1

69 29 1
                                    

Şarkı önerisi; Lights Up

Hafif esen rüzgar tenini okşarken keyifle esneyip deniz manzarasının tadını çıkardı. Geniş balkonundan palmiye ağaçlarının sallanışını, denizin tatlı tatlı dalgalanmasını ve mavi göğün altında bembeyaz olan martıların oradan oraya süzülmesini izliyordu. Elindeki kitabı okumayı ise çoktan bırakmıştı.

Uzun bir yılın bitiminde bu tatili fazlasıyla hakettiğini düşünüyordu. Günlerini kliniği ve hastaları görmeden geçirebilmenin keyfini sürüyordu. Yıl içinde gerçekten çok yoruluyordu. Dişçilik zor bir meslekti. Hayır hayır, bu işini sevmediği anlamına gelmiyordu aksine, işine aşıktı fakat herkes ara sıra dünyadan kopabileceği bir yer isterdi değil mi?

Masada, bol köpüklü türk kahvesinin yanında duran telefonun titremesiyle irkildi. Kitabı, kaldığı yeri kaybetmemek için hızlıca ters çevirip koydu.

Ekranda gördüğü isim yüzünde bir tebessüm oluşturdu ve heyecanla aramayı yanıtladı.

"Eylül? Nerelerdeydin, gözlerim her yerde seni aradı vallahi!"

"Hiç sorma, akşam plajın yukarısında kalan kafeye gel de uzun uzun anlatayım. Hem bir şeyler de içeriz."

Akşam kafede buluşmaya sözleştikten sonra telefonu kapattı. Uyuşuk bir şekilde oturduğu koltuktan kalkıp tuvalete gitti. Elini yüzünü yıkadıktan sonra karnını doyurup bir şeyler hazırlamak için buzdolabının önünde bir süre dikildi. Bu evi yaz için kiralamıştı ve hala alışveriş yapmamıştı.

Eve dönerken alışveriş yapmayı telefonunun hatırlatıcısına ekledikten sonra dolaptan çıkardığı zeytin peynirle kendine sandiviç hazırladı. Tatillerin en sevdiği yanı mesai koşuşturmasının arasında yiyemediği şeyleri rahat rahat zamana yayarak yiyebilmesiydi.

Bir şeyler izlemeden yemek yemek sıkıcı geldiği için laptopundan bir bölüm brooklyn nine-nine açtıktan sonra keyifle sandiviçini bitirdi.
     

"Nerelerde kaldın Cansu?
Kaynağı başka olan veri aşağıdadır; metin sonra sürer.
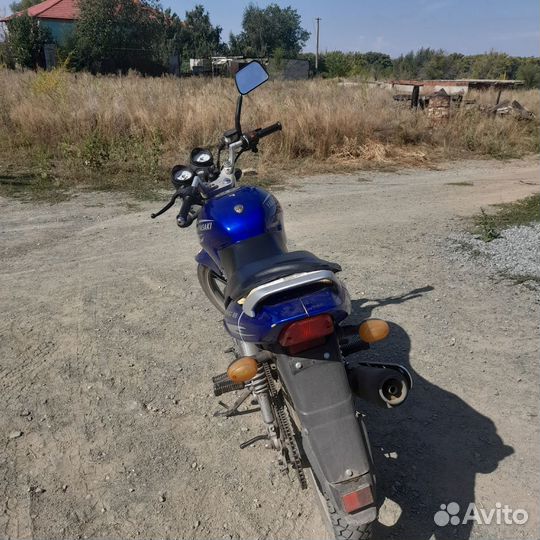 Продам Yamasaki Leader 2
Bekleye bekleye bi hal oldum burda!"

Eylül kızmakta haklı olsa da bir türlü giyinip çıkamamıştı evden. Aslında bir işi de yoktu, her zamanki gibi biraz aheste davranmıştı sadece.

"Geldim Eylül'üm kızma. Şimdi anlat bakalım neler yaptın bugün?"
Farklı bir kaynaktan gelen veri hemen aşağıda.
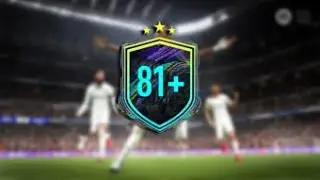 WHAT DOES 25 81+ PLAYER PICKS GET YOU??!!! (FIFA 21)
"Öyle kuru kuru olur mu, önce bir şeyler sipariş edelim. Şöyle keyifli keyifli sohbetimizi ederiz sonra."

Sipariş edilen cheescake ve çilekli limonatalar gelene kadar havadan sudan sohbet ettiler. Cansu Eylül'ün anlatacağı şeyi az çok tahmin edebiliyordu. Heyecan derecesinden sohbetin konusunu önceden anlayabilecek kadar iyi tanıyordu onu.

Bu seferki katıldığı gezi ile ilgili olmalıydı. Ellerini heyecanlı heyecanlı birbirine geçirmesi, masadaki peçetelik, tuzluk gibi şeyleri farkında bile olmadan düzenlemesi, gözlerinin ışıldaması da güzel haberlerin geldiğini gösteriyordu.
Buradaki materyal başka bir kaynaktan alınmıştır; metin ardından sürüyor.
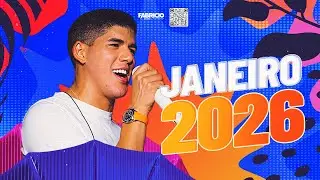ZE VAQUEIRO 2026 - ZE VAQUEIRO JANEIRO 2026 - REPERTÓRIO NOVO - CD VERAO DO ZE VAQUEIRO 2026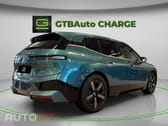 BMW iX XDrive40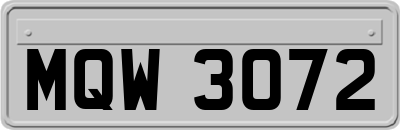 MQW3072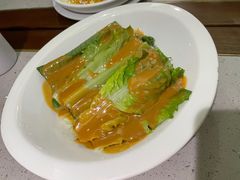 -吉旺港式餐厅(南方商城店)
"Ee, anlatmayacak mısın? Merak ettirme de anlat işte."

Eylül heyecanla limonatasından büyük bir yudum aldı.

"Dün falcıya gittim. Bana ikili vadede çok güzel bir haber alacağımı söyledi. Kesin beklediğim iş başvurusu kabul olacak. Tam iki aydır bekliyorum. Benden iyisini de bulamazlar zaten."

Cansu kocaman bir kahkaha patlattı. Eylül'ün böyle şeyleri çok sevdiğini ve kendine eğlence bulduğunu biliyordu ama kendisi böyle şeylere asla inanmazdı. Fal bi yana, burçları bile saçma bulurdu.